For all of the people who wrote Pacquiao off following that fight, here's the run he went on following that landmark showdown: a TKO win over Lucas Matthysse -- Pacquiao's only finish since the Cotto fight -- and victories over Jessie Vargas, Thurman and Bradley. Pacquiao scored knockdowns in all three fights, proving he still maintained power during the later stage of his career.

Following the third fight with Bradley, Pacquiao said in the ring that he was retiring. That was in April 2016. And yet on this Saturday night more than five years later, there he was.

And two years after Mayweather retired at 50-0 with a novelty fight against Conor McGregor, Pacquiao beat Thurman, who at that point was an undefeated welterweight champion with real chops.

But this time around, after losing to Ugas, it seems like the end really should come next.

If this truly is it for him, the sport of boxing will miss Pacquiao, a fighter who has evolved in so many ways over the years. When he catapulted to the top of the pound-for-pound lists in the early 2000s, Pacquiao was blasting opponents out left and right. It wasn't just the brutality he displayed in the ring; it was the way he juxtaposed that violence with an easygoing demeanor and perpetual smile outside of it.

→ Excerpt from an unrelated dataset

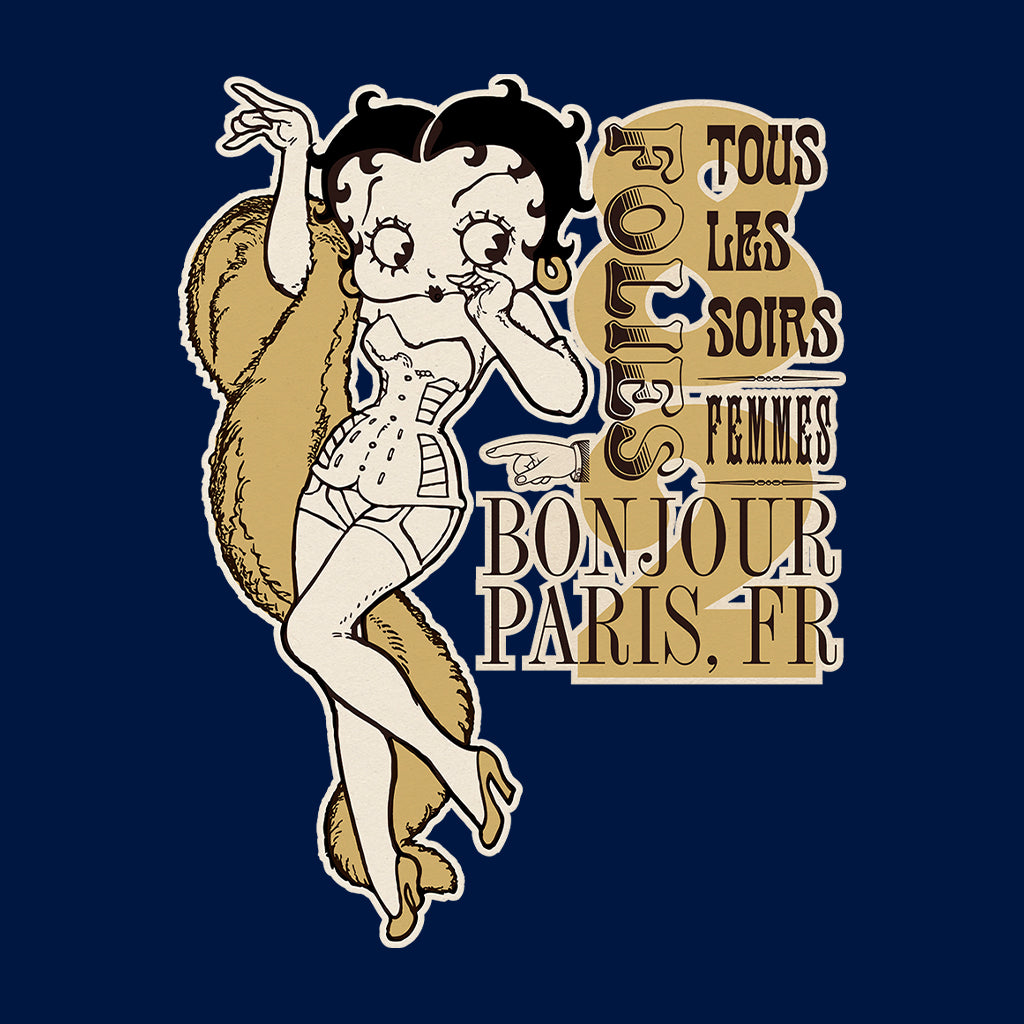 Betty Boop Bonjour Paris, FR Men's Hooded Sweatshirt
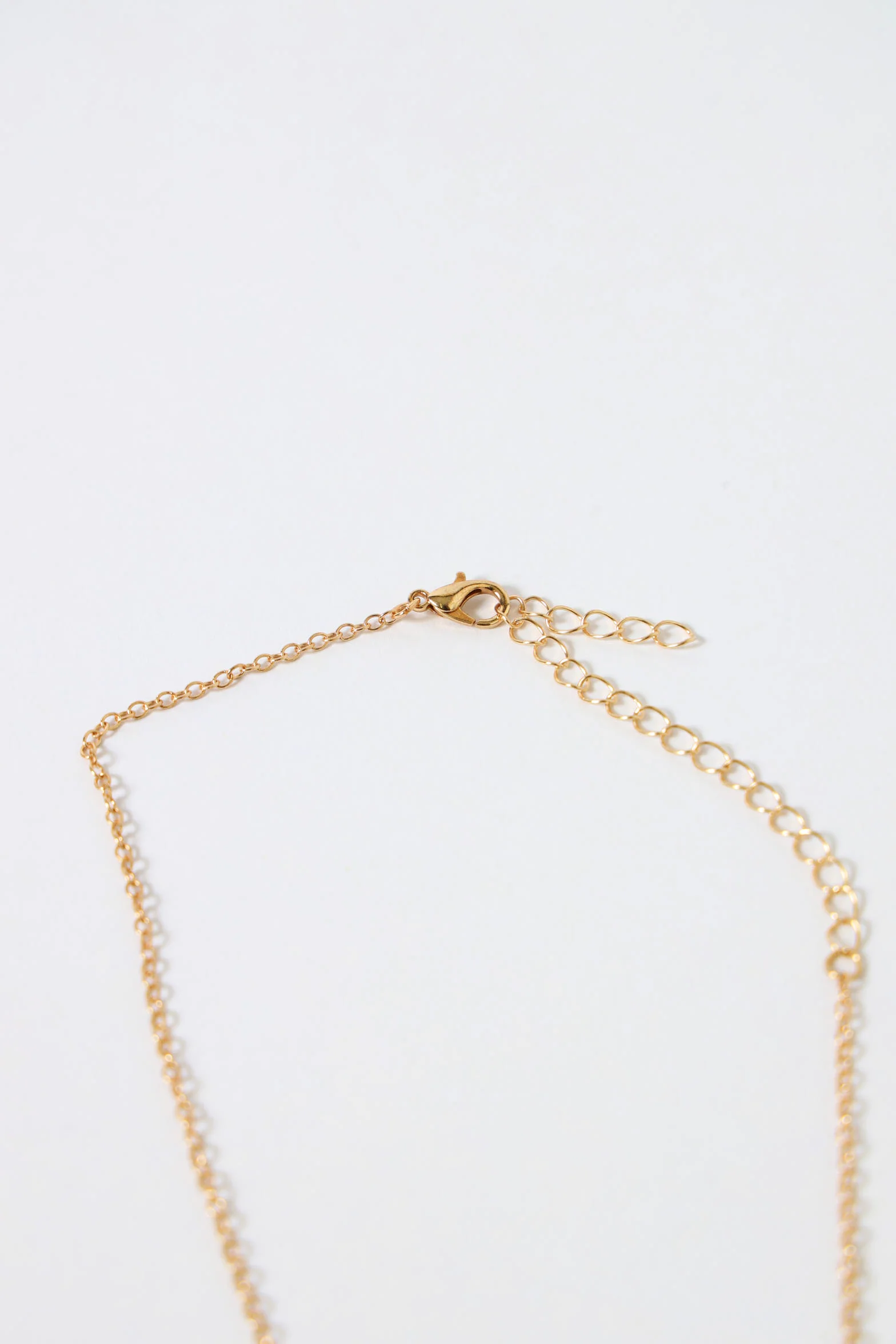 2 Layer Diamante Heart Necklaces & Matching Stud Earrings - Gold - Image 5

The blinding hand speed. The way he glided around the ring to deliver his two-fisted attack with five-, six- and seven-punch combinations. The courage he showed against Morales in their first meeting. The way he rebounded from a jaw-dropping knockout loss to Marquez. Pacquiao has been synonymous with boxing for the greater part of the past 20 years.

There's perhaps never been a fighter so adored the world over. Even Muhammad Ali and Mike Tyson had plenty of detractors during their heydays. But not Pacquiao, a man with a golden smile one moment and a blistering punch the next.

So if this is the end, farewell, Manny Pacquiao. You made boxing fun. You made boxing great. You made boxing inspiring.